◆ WHAT THIS TASK INVOLVES ◆
Each line of the data must be written out again verbatim; no image belongs in the copy.
..........
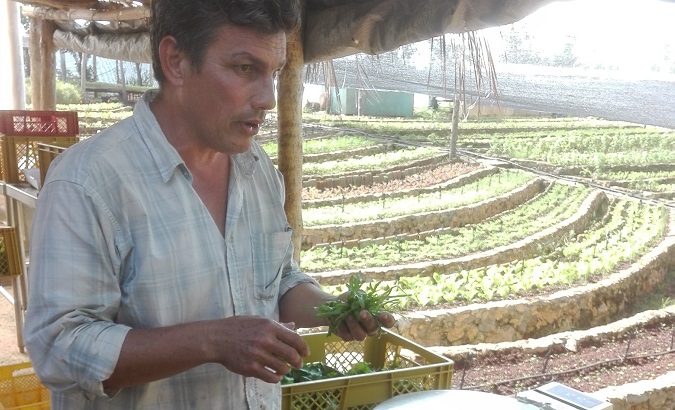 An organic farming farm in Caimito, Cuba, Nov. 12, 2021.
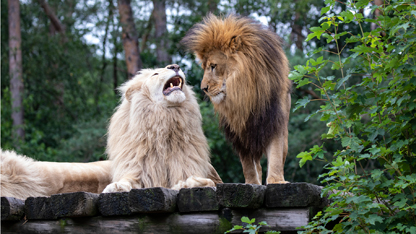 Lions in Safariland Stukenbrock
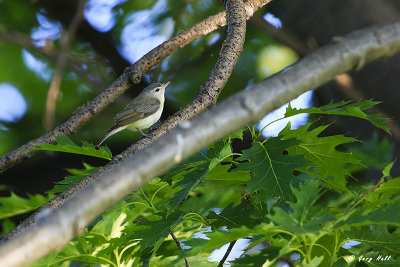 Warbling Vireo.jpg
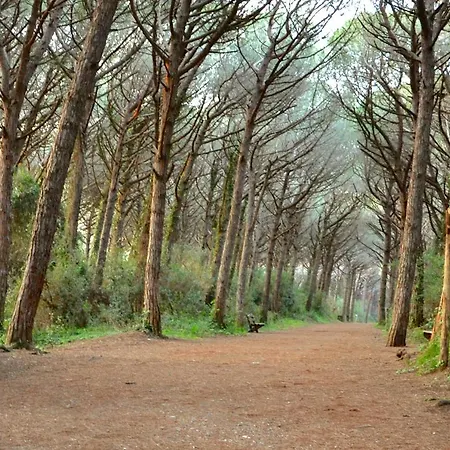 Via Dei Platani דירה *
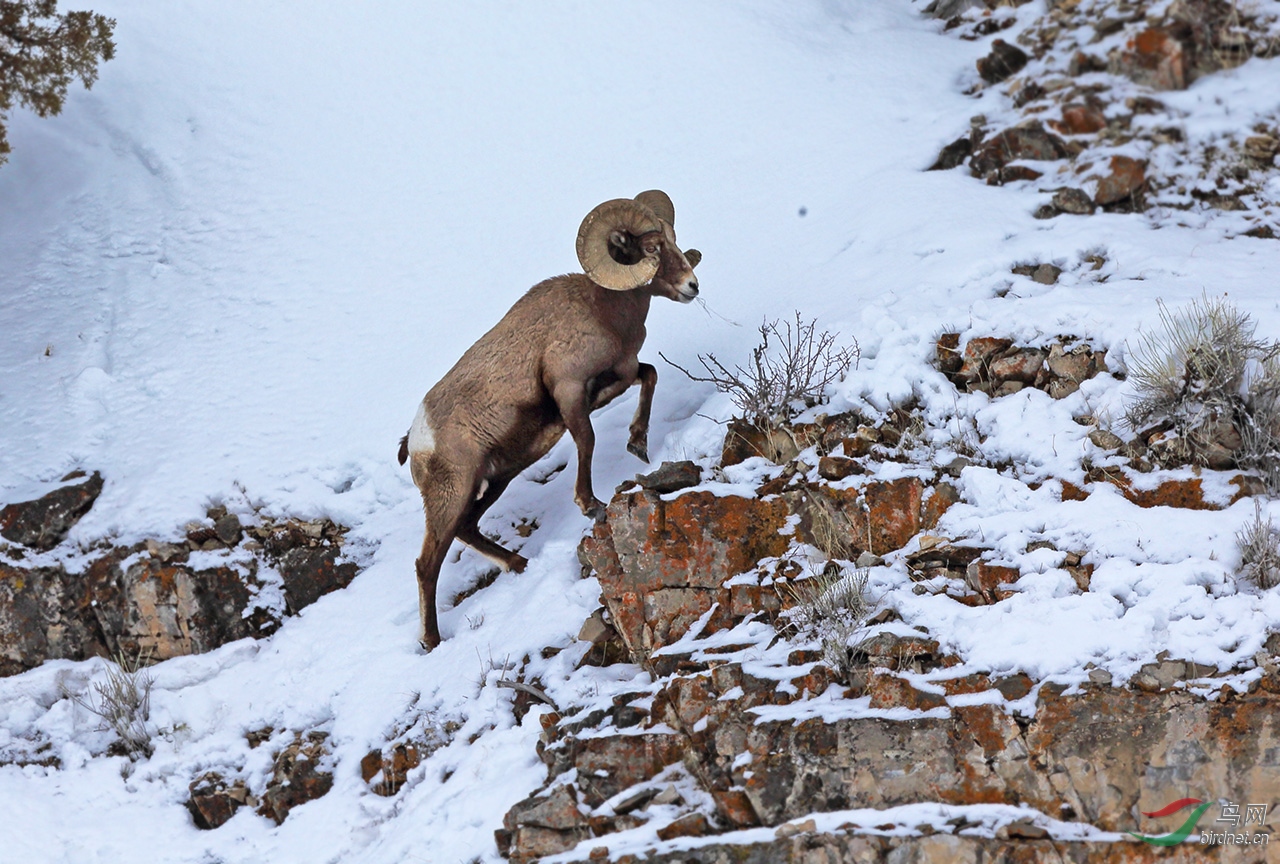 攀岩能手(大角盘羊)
..........
◆ WRITTEN ANSWER ◆
 An organic farming farm in Caimito, Cuba, Nov. 12, 2021.
 Lions in Safariland Stukenbrock
 Warbling Vireo.jpg
 Via Dei Platani דירה *
 攀岩能手(大角盘羊)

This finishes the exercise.